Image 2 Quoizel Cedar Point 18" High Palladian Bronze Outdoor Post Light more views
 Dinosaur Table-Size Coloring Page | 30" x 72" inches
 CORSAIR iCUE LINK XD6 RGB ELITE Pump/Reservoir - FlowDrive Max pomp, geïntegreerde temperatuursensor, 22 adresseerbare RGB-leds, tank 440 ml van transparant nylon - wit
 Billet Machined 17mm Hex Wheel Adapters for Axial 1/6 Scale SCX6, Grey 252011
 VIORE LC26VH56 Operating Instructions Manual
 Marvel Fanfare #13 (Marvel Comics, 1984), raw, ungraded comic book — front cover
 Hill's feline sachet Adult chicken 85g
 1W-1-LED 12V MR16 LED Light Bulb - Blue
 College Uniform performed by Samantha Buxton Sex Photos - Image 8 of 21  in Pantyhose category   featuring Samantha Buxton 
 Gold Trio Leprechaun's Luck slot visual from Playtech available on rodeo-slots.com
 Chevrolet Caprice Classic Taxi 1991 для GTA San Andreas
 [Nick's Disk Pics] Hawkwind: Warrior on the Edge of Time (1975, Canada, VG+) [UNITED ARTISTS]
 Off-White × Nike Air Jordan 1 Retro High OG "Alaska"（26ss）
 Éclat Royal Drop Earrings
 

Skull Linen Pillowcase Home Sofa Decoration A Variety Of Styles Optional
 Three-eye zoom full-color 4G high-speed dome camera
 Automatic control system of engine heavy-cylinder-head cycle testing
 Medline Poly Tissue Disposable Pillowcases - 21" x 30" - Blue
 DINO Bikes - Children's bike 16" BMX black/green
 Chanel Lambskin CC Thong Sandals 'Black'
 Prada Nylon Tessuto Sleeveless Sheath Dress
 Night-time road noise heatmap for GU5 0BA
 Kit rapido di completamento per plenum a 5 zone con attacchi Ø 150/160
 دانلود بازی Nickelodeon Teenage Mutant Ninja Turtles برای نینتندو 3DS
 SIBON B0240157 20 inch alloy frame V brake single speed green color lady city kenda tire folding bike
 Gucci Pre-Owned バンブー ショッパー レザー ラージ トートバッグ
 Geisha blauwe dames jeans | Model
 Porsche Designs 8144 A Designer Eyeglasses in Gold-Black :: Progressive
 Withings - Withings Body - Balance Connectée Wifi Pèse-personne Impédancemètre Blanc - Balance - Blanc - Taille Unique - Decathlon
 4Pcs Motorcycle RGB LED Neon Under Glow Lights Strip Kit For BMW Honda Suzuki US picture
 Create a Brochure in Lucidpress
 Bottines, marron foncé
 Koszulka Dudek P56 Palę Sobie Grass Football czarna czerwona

......

## [Instructions to follow]
How many lines in the listing above contain "green"? Give the number and nothing else.

## [Result]
2